On Tue, 2005-10-18 at 01:42 +0200, Matthieu Lemerre wrote:
> >> 3/
> >> > One difference between this approach and UNMAP is that the EROS
> > approach
> >> > interacts well with persistence, while the UNMAP approach does not
> >> > appear to (to me). My question about unmap is that I do not
> > understand
> >> > how it scales successfully when the mapping database grows large
> > enough
> >> > to become an out-of-memory data structure, and I have already
> > described
> >> > in a previous note why flushing and reconstructing the mappings
> > doesn't
> >> > work without severe restrictions on system architecture.
> >> 
> >> Maybe the L4 people have thought about this.  There is already a paper
> >> about persistence on the L4ka web site.
> >
> > That paper assumes that kernel virtual memory is not exceeded, so it is
> > not scalable. It is a "dump to memory" design rather than a first-class
> > persistence design. In my opinion, the current L4 system would need a
> > complete redesign to enable scalable persistence. It simply wasn't a
> > design goal.
> >
> 
> OK.  Maybe they have plan for it, though.

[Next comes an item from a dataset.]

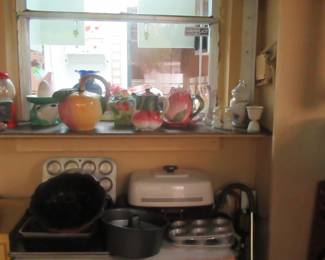 Steffans cookie jars, bowls and more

If so, I would be very interested to hear what the plan is. I believe
that I have spoken to all of the implementors of the various persistence
mechanisms in L4. The best answer I have received (so far) is "mumble,
umm, uh.".

However, it would be good if there were a solution, and I would be
interested to see one.

> >> 4/
> >> You have to allocate kernel memory for the mapping database.  But
> >> there may be solutions to that problem ("in-kernel heaps that were
> >> backed by an out-of-kernel storage allocator.". Is it sigma1?)
> >
> > Yes. No, this is probably not sigma1. The complication is how to make
> > this design correctly transactional in a persistent system, and how to
> > design a kernel that can survive revocation of kernel heap storage by
> > application code.
> >
> > This is deeply challenging. It may be solved, but I do not expect that
> > it will be solved robustly any time soon.
> >
> >> So, if points 3/ and 4/ could be solved, MAP/UNMAP has better
> >> performances.  This is really important if it becomes a common usage
> >> pattern, and I have some ideas that would require MAP/UNMAP
> >> operations.
> >
> > I would be very interested to see a list! Perhaps there are simpler
> > answers.
> >
> 
> It seems to me that you avoid REVOCABLE COPY because it is less
> efficient than COPY (need to create a new object, etc...).  My point
> is that there are cases where REVOCABLE COPY can be a replacement for
> COPY.

As the Russians used to say: quantity has a quality of it's own. When
the latency becomes high enough, the problem is qualitative. The problem
is that low latency implies kernel allocation, and kernel allocation is
incompatible with a robust system architecture.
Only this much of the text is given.